**Directions for this task**
Pictures in the listing should not be copied. Reproduce, word for word, each line from the one holding "شريط MyLifeUNIT Gaffers" through the final line.

**Supplied material**
┏━━

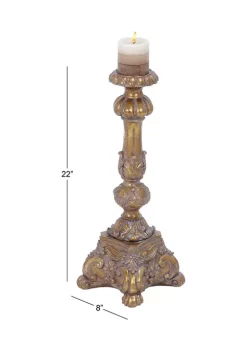 Best Pirce ⭐ Rustic Polystone Candle Holder by Monroe Lane 🎉 -Monroe Lane Sales Belk 2211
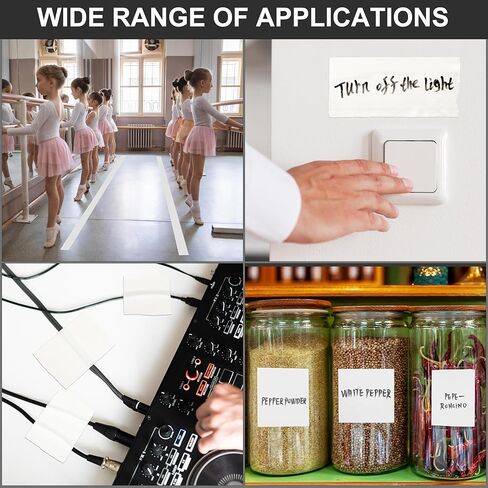 شريط MyLifeUNIT Gaffers أبيض، 7.62 سم ​​× 30 ياردة، شريط Gaffer شديد التحمل مع حامل شريط الخصر، شريط لاصق ذاتي التمزق للاستخدام الاحترافي in Kuwait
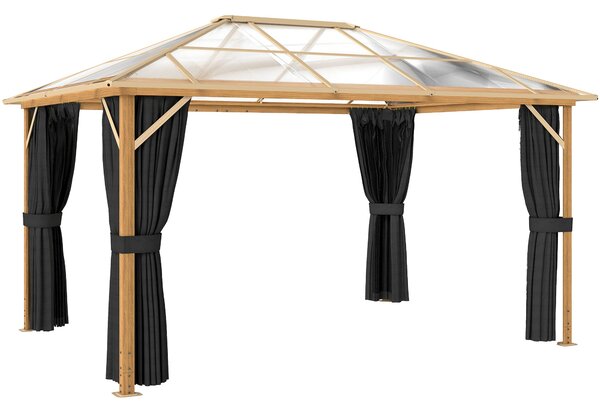 Outsunny pergola 4 × 3 m s pevnou polykarbonátovou střechou 6 mm, dřevodekor, síť proti hmyzu a 4 bočními závěsy — zimovzdorná pergola (přírodní dřevo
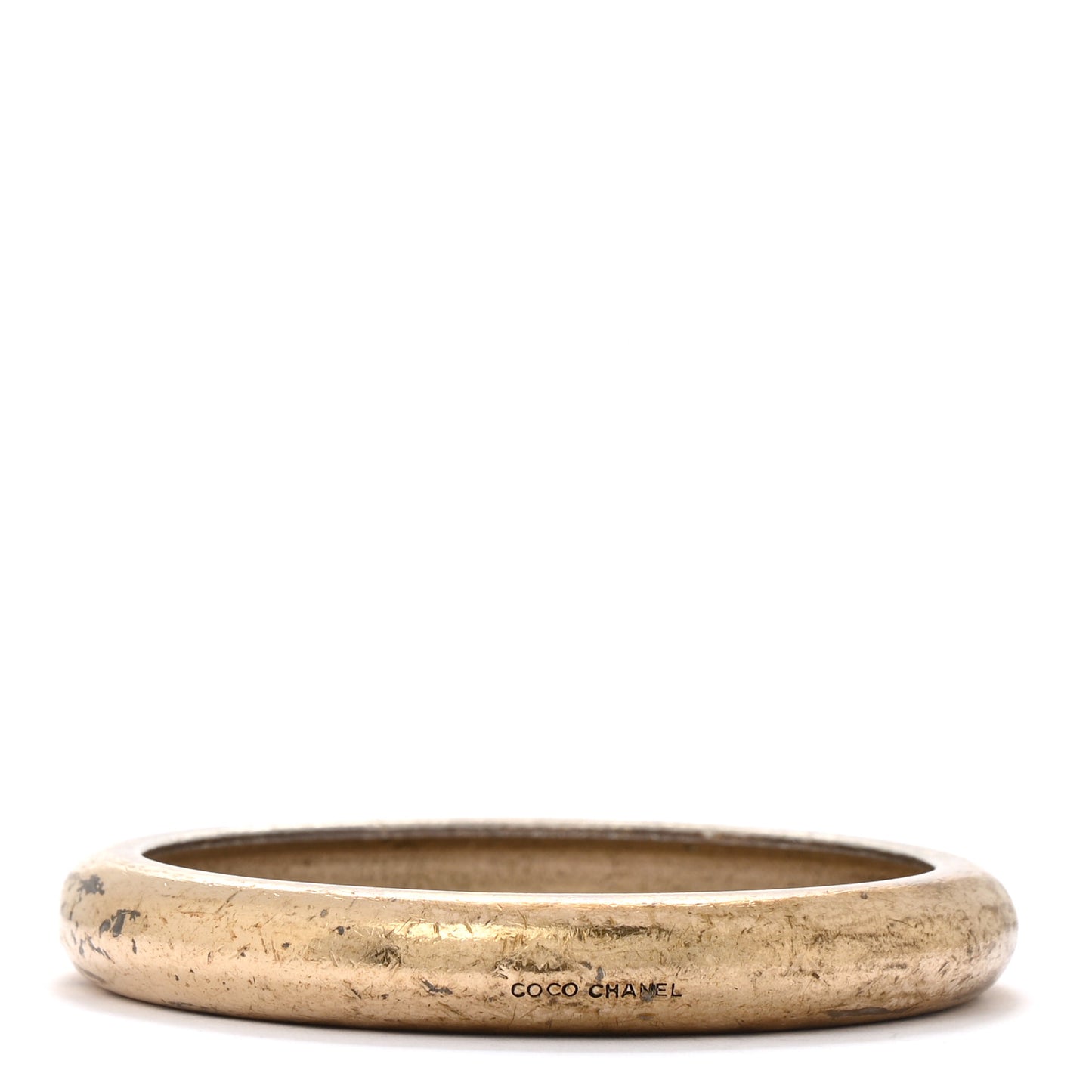 Metal French Quote Bracelet Bangle Gold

┗━━

**Task solution**
 شريط MyLifeUNIT Gaffers أبيض، 7.62 سم ​​× 30 ياردة، شريط Gaffer شديد التحمل مع حامل شريط الخصر، شريط لاصق ذاتي التمزق للاستخدام الاحترافي in Kuwait
 Outsunny pergola 4 × 3 m s pevnou polykarbonátovou střechou 6 mm, dřevodekor, síť proti hmyzu a 4 bočními závěsy — zimovzdorná pergola (přírodní dřevo
 Metal French Quote Bracelet Bangle Gold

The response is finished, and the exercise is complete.